Che cos’è l’Aids?

Introduzione

La parola «Aids» è l’acronimo del termine inglese «Acquired Immunodeficiency Syndrome», in italiano «sindrome da immunodeficienza acquisita». In caso di immunodeficienza, la capacità di resistenza del corpo contro gli agenti patogeni è ridotta. Allo stadio avanzato, l’immunodeficienza può causare varie malattie gravi e condurre alla morte. La medicina definisce «sindrome» l’insorgenza simultanea di varie manifestazioni della malattia.

L’Aids è la conseguenza tardiva di un’infezione da virus HI («Human Immunodeficiency Virus», abbreviato: HIV = «virus dell’immunodeficienza umana»). Ecco perché si parla di una sindrome da immunodeficienza «acquisita».

La scienza suddivide in vari stadi il decorso di un’infezione da HIV. Il termine Aids definisce quello in cui il sistema immunitario è fortemente compromesso e in cui si sviluppano determinate gravi malattie infettive e tumori, che possono comportare un pericolo per la vita.

Un’infezione da HIV non è guaribile. Grazie a terapie mediche avanzate, tuttavia, oggi esistono buone possibilità di far regredire una immunodeficienza già acquisita, o di ritardarne la manifestazione di vari anni, iniziando la terapia tempestivamente. Grazie ai progressi della medicina moderna, per molte persone con HIV la speranza di vita è sensibilmente aumentata (v. Terapie combinate anti-HIV).

Un’infezione da HIV, ancora oggi, resta comunque una grave malattia potenzialmente letale.

Qual è l’origine del virus HIV?

Un virus molto simile all’HIV è stato individuato in Africa in determinate specie di scimpanzé autoctone. Si tratta del virus SIV (Simian Immunodeficiency Virus). È fortemente probabile che il virus HI derivi da una mutazione (alterazione genetica spontanea) di tale «virus di scimmia». Il passaggio del virus dalla
scimmia all’uomo deve essere avvenuto negli anni trenta. Da allora, il virus si sta diffondendo nel mondo. Ma fu soltanto nei primi anni ottanta, quando in America si iniziò a costatare una concentrazione di quadri clinici prima molto rari e inabituali, che si riconobbe la «nuova» sindrome.

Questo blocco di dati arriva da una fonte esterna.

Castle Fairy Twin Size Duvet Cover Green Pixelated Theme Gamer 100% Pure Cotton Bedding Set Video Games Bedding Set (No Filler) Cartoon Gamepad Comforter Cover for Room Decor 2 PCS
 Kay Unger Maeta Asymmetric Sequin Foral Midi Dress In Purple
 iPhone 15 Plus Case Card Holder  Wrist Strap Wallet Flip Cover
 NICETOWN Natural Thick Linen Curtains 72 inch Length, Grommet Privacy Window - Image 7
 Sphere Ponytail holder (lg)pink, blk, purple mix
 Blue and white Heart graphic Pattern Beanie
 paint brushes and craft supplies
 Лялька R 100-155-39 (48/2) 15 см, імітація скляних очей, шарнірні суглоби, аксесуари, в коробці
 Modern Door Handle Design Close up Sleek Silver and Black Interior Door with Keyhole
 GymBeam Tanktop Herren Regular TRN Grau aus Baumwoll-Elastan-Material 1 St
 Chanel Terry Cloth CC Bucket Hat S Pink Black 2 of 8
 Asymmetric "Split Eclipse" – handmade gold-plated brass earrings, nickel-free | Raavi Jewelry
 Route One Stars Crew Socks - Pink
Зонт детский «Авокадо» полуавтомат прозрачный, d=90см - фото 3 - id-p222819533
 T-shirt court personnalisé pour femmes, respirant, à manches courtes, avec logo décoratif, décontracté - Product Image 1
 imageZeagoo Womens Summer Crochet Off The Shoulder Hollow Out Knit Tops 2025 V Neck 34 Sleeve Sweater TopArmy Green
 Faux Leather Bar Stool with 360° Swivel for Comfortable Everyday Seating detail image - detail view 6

Nel 1983/84 fu scoperto il virus HIV-1 e, poco dopo, si riuscì a individuare il virus HIV-2. Le due tipologie di virus, come pure i loro sottogruppi (subtipologie), presentano caratteristiche specifiche. Spesso la loro incidenza varia considerevolmente a seconda del continente. Le possibilità di protezione sono però le stesse per tutte le tipologie. (v. "Protezione: Safer sex - safer use").

Come si trasmette l’HIV?

Il virus HIV si trasmette da una persona all’altra attraverso le seguenti vie di contagio (v. "Come può essere trasmesso l'HIV?"):

  • rapporto sessuale non protetto
  • scambio di siringhe/aghi nel consumo di droga per via endovenosa
  • dalla madre al nascituro durante la gravidanza, il parto e l’allattamento

L’individuazione di un’infezione da HIV

L’infezione da HIV solitamente è individuata attraverso il test degli anticorpi HIV; esistono tuttavia altre procedure di test che tracciano l’informazione genetica virale o accertano la presenza della proteina dell’involucro virale (v. Il test degli anticorpi HIV).

L’HIV visto come «minaccia»

L’«Aids» è però anche causa di paure infondate, discriminazione ed emarginazione. Da qui, dunque, la necessità d’informare, di rimuovere i pregiudizi e di promuovere il sostegno e la disponibilità nei confronti delle persone con HIV/Aids. Il presente opuscolo vuole contribuire a raggiungere tali obiettivi, dando risposte alle domande più importanti e indicando i recapiti dei servizi di consulenza individuale.